Re: Frequent HTTP 500 server errors from search API

2009-02-18 Thread Pete Warden

I'm hitting the same 500 problem with complex queries. It's occasional
enough that I can live with it, but the big issue for me is that I'm
using the JSON interface and appear to get back HTML in the error
content. This doesn't allow me to do any error handling, as the

Re: Frequent HTTP 500 server errors from search API

2009-02-18 Thread Matt Sanford

Hi Nigel,

The HTTP 500 and HTTP 502 are different errors. A 502 is returned  
when there are no more mongrel processes available to handle your  
request, the dreaded Fail Whale. We've been adding more hardware to  
our search system to keep from having problems but we ran into a bug  
yesterday that threw tons of 502s.


The 500 is a different matter. From the queries you described I'm  
guessing these are query timeouts. We've optimized the system for the  
most common use which is 1-2 real words. Some queries take too long  
and we kill them rather than let them back the entire system up  
(causing 502s). When a query gets killed we return a 500. Since we've  
had some time to cache part of the information retries work more  
often, but since there are multiple machines that's not always the  
case. If you can provide me some real example queries that you're  
having trouble (m...@twitter.com) with I can confirm this but it seems  
like the most likely reason. The most commonly killed queries are for  
complex combinations of operators, or queries with multiple words that  
rarely ever appear together.


As for the firehose, we'll be updating the FAQ page (http://apiwiki.twitter.com/FAQ#Whenwillthefirehosebeready 
) as things change. We've been working on this in parallel with OAuth  
and are working on the final touches now.


Thanks;
  — Matt Sanford

On Feb 18, 2009, at 06:08 AM, nigel_spl...@yahoo.com wrote:



Hello,

We get frequent and seemingly-random HTTP 500 errors when calling the
search API.  Sometimes it's 500, sometimes 502.  It's definitely not
throttling, as we don't make that many calls and I know from reading
here that those errors have a specific message.
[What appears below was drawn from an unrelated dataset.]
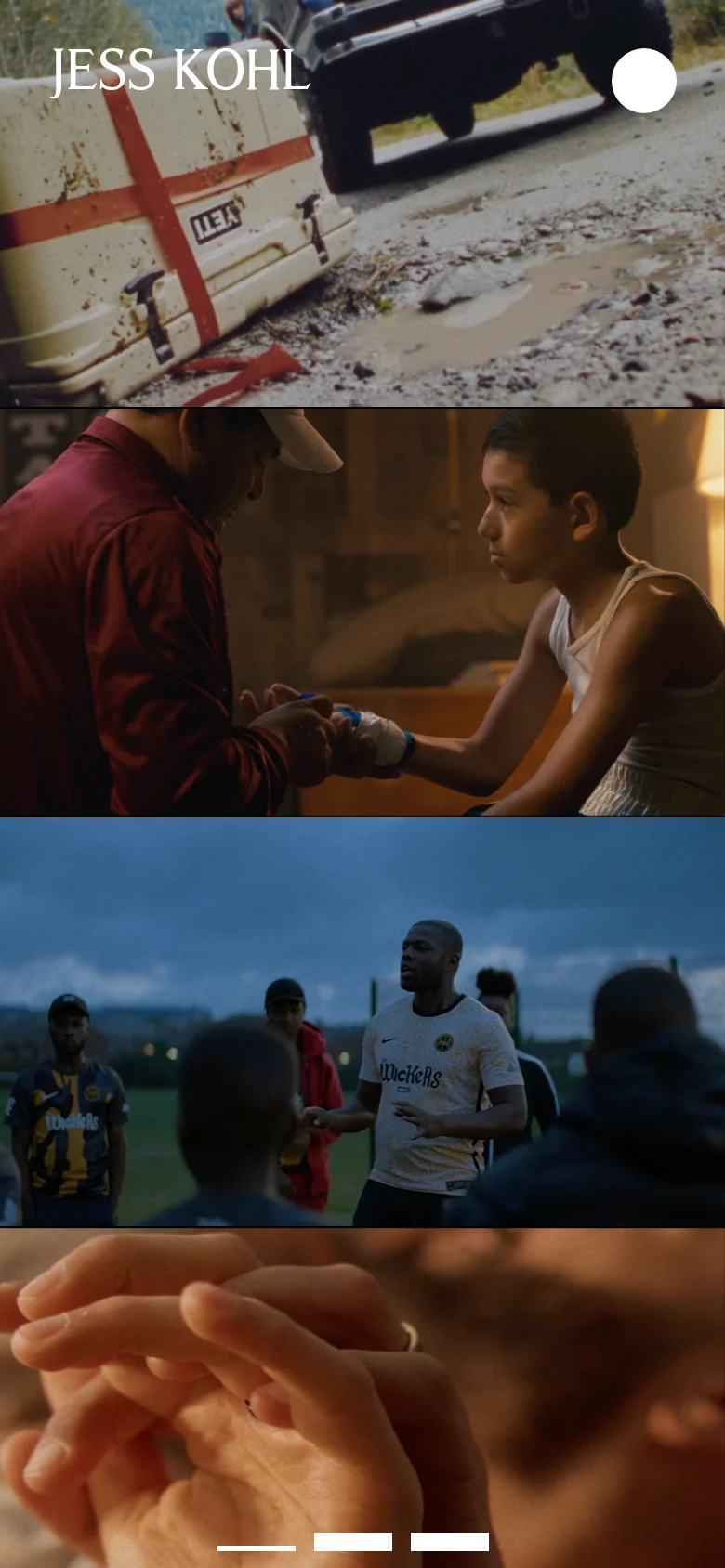 The mobile version maintains the cinematic full-width imagery but simplifies the header, showing only 'JESS KOHL' and a circular menu icon. The layout presents a vertical stack of large, high-quality video stills from various commercial projects, including Gymshark and Nike.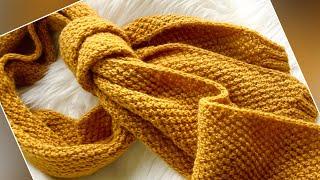 Autumn Beauty Knit scarf, Stole, Prayer shawl | Easy fall knitting pattern BEGINNER FRIENDLY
I've tried without success to find particular searches, times of day,
etc. that are more or less likely to fail.  Eventually I wrote a
little program that generates random three-letter nonsense words and
calls the search API with wget for each one.  Out of 100 different
search terms, usually there are 3-10 failures.  If I try the same
search terms again, sometimes the ones that failed will now work, and
vice versa.  This behavior is similar to what we see in our production
code, which is completely different but also fails randomly and fairly
frequently.

Any ideas?  We'd love to get a solution, since even with retry
policies the errors are frequent enough to really hinder our ability
to get search results.

On a related note, is there any news on availability of the content
firehose?  Last I remember reading, it was going to be made available
to "trusted partners" at the end of January or beginning of February.
Our ideal solution would be to have access to the firehose so we can
index and search the content on our side.

Thanks!




Frequent HTTP 500 server errors from search API

2009-02-18 Thread nigel_spl...@yahoo.com

Hello,

We get frequent and seemingly-random HTTP 500 errors when calling the
search API.  Sometimes it's 500, sometimes 502.  It's definitely not
throttling, as we don't make that many calls and I know from reading
here that those errors have a specific message.

I've tried without success to find particular searches, times of day,
etc. that are more or less likely to fail.  Eventually I wrote a
little program that generates random three-letter nonsense words and
calls the search API with wget for each one.  Out of 100 different
search terms, usually there are 3-10 failures.  If I try the same
search terms again, sometimes the ones that failed will now work, and
vice versa.  This behavior is similar to what we see in our production
code, which is completely different but also fails randomly and fairly
frequently.

Any ideas?  We'd love to get a solution, since even with retry
policies the errors are frequent enough to really hinder our ability
to get search results.

On a related note, is there any news on availability of the content
firehose?  Last I remember reading, it was going to be made available
to "trusted partners" at the end of January or beginning of February.
Our ideal solution would be to have access to the firehose so we can
index and search the content on our side.

Thanks!